In Pursuit of the Proper Sinner (Inspector Lynley, #10)(196)



“Too fast,” Vi breathed. “Happened too fast.”

“But it wasn't the client you'd been expecting? You do know that?”

Vis lips curved, and she winced as they pulled against their stitches. “Eighty-one, that bloke is. On his best day … hardly can manage the stairs.”

“And it wasn't Martin Reeve?”

She shook her head.

“One of your other clients? An old boyfriend, perhaps?”

“She said—” Shelly Platt interrupted hotly.

“I'm clearing the decks,” Barbara told her. “It's the only way. You want us to nick whoever assaulted her, right?”

Shelly grumbled and petted Vis shoulder. Barbara tapped the pen against her notebook and considered their options.

They could hardly cart Vi Nevin to an identity parade, and even if that were possible, they had—at the moment—no reason in hell to trot Matthew King-Ryder into the local nick to stand in one. So they needed a picture, but it would have to come from a newspaper or a magazine.

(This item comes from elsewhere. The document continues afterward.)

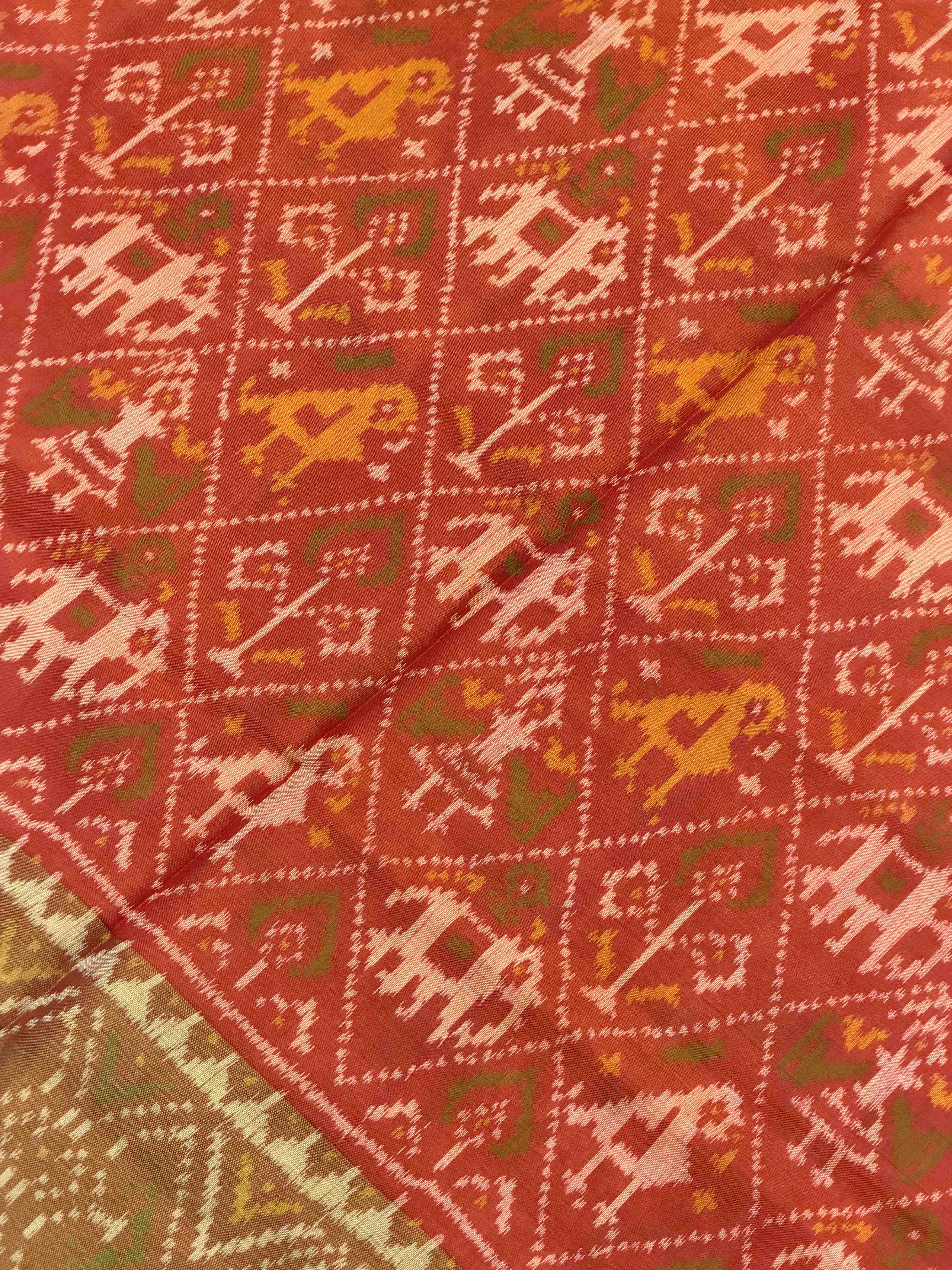 orange narikunj tissue border rajkot patola saree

Or from King-Ryder Productions on some sort of spurious excuse. Because one hint that they were on to him, and King-Ryder would weigh down his long bow and arrows with concrete and dump them into the Thames faster than you could say Robin Hood's Merry Men.

But getting a photo was going to take some time because they needed the real thing—sharp and clear—and not something sent over to the hospital via fax. And fax or otherwise, where the hell were they going to get a photo of Matthew King-Ryder at—here Barbara looked at her watch—half past seven on a Sunday evening? There was no way. It was stab-in-the-dark time. She drew a deep breath and took the plunge. “D'you know a bloke called Matthew King-Ryder by any chance?”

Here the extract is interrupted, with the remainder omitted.